I am not used to the restriction that MD compiled Dlls do not work together
with MDd compiled applications.
It is probably due to the use of STL data types: Normally, I use C-APIs
across Dll boundaries and only pointers not references, then, the mix of MD
and MDd or MT or MTd does not have any impact.
But I really can deal with it, now I am aware of this :-)
Even in plain C you can have problems. Those runtime DLL have internal static variables, and you turn into problem when you want to use the value from one DLL into the other one. The typical example is IO (file descriptors and FILE* objects). The runtime DLL keeps an internal table to map the file descriptors to Win32 HANDLE. If you open a file in one DLL and try to use the descriptor in the other one, you'll turn into problems (a segfault or an exception thrown), because the descriptor is unknown in the other DLL.

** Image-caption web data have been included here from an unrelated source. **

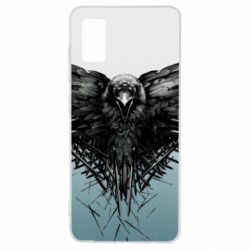 Чехол для Samsung A41 Raven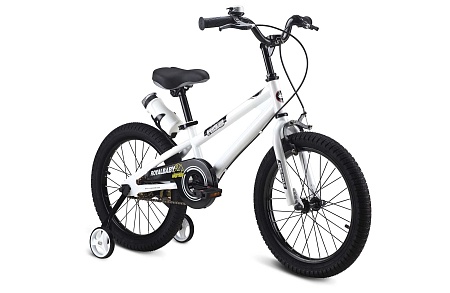 картинка Велосипед Royal Baby Freestyle Steel 14 в bikedivision фото Велосипед Royal Baby Freestyle Steel 14
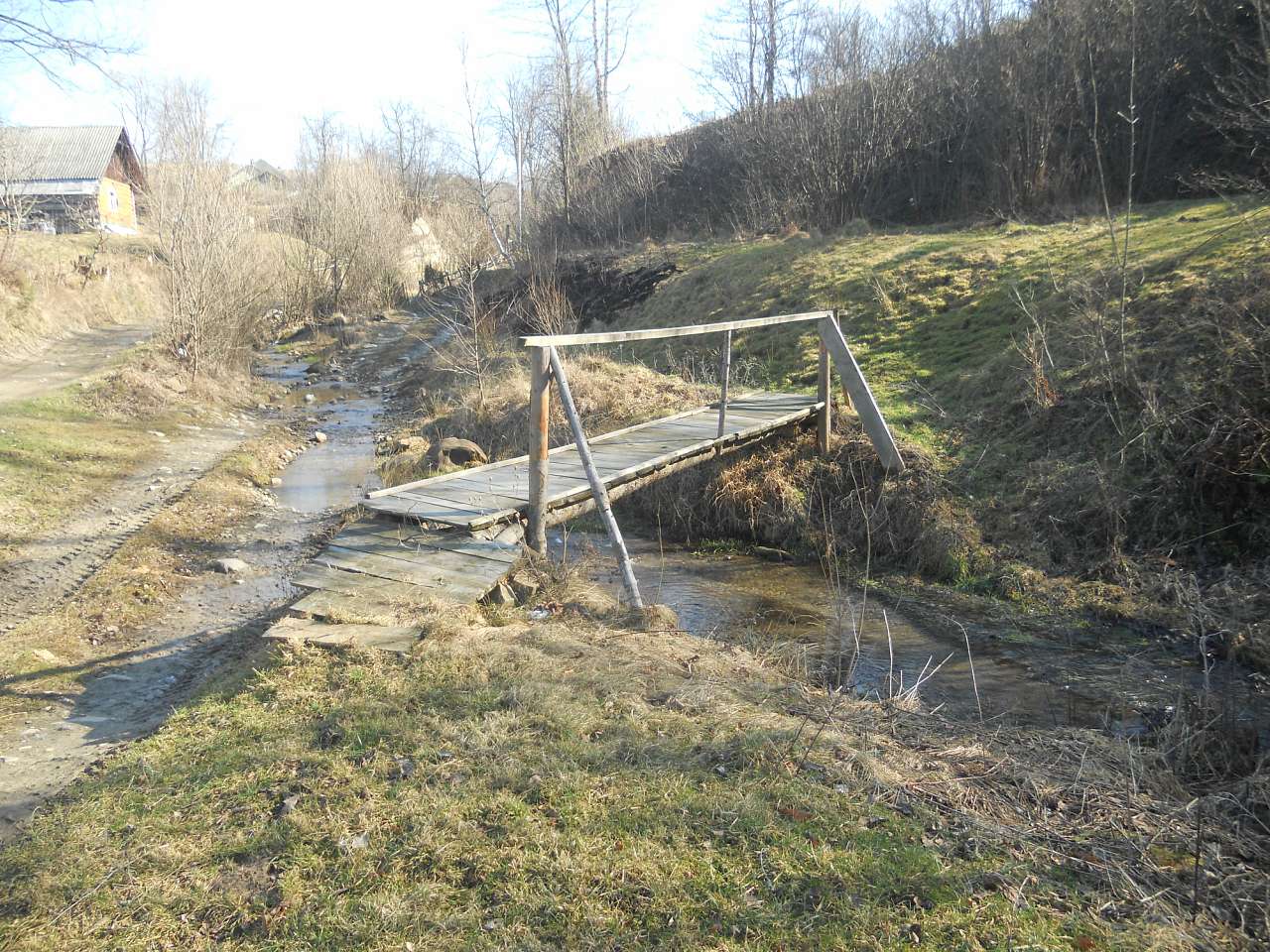 природа - Опака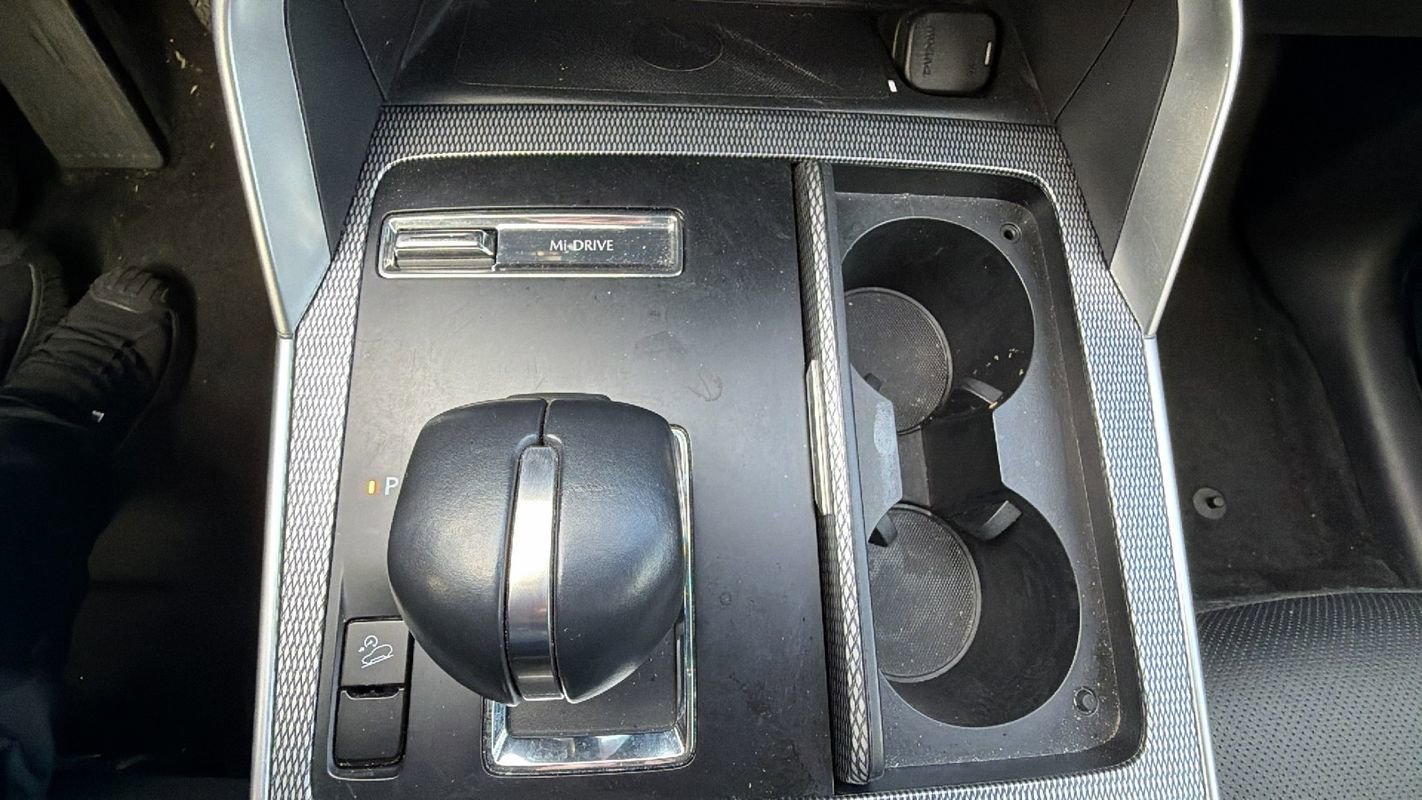 Used 2025 MAZDA CX-70 3.3 Turbo w/ Preferred Package image 23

But I have one more question: There is a file called octaverc which in the
Octave installation directory. It seems that this must be called at startup
to set all Octave paths.
No, the octave_main function is responsible for that.
Otherwise, I get these "function 'unimplemented'
not found"- error messages when,e.g. calling a command like "plot(...);",
and also the plot environment looks a little odd.
You will have a hard time using the plotting framework without having a REPL in octave. FLTK toolkit requires to use readline, and the gnuplot toolkit requires to call the drawnow() function, which is only done automatically when using octave in interactive mode.
What kind of file is that and how can I call it using eval_string C/C++ API
such that "my own version of the Octave application" has the same look and
feel as the original installation?
So you may have another problem here.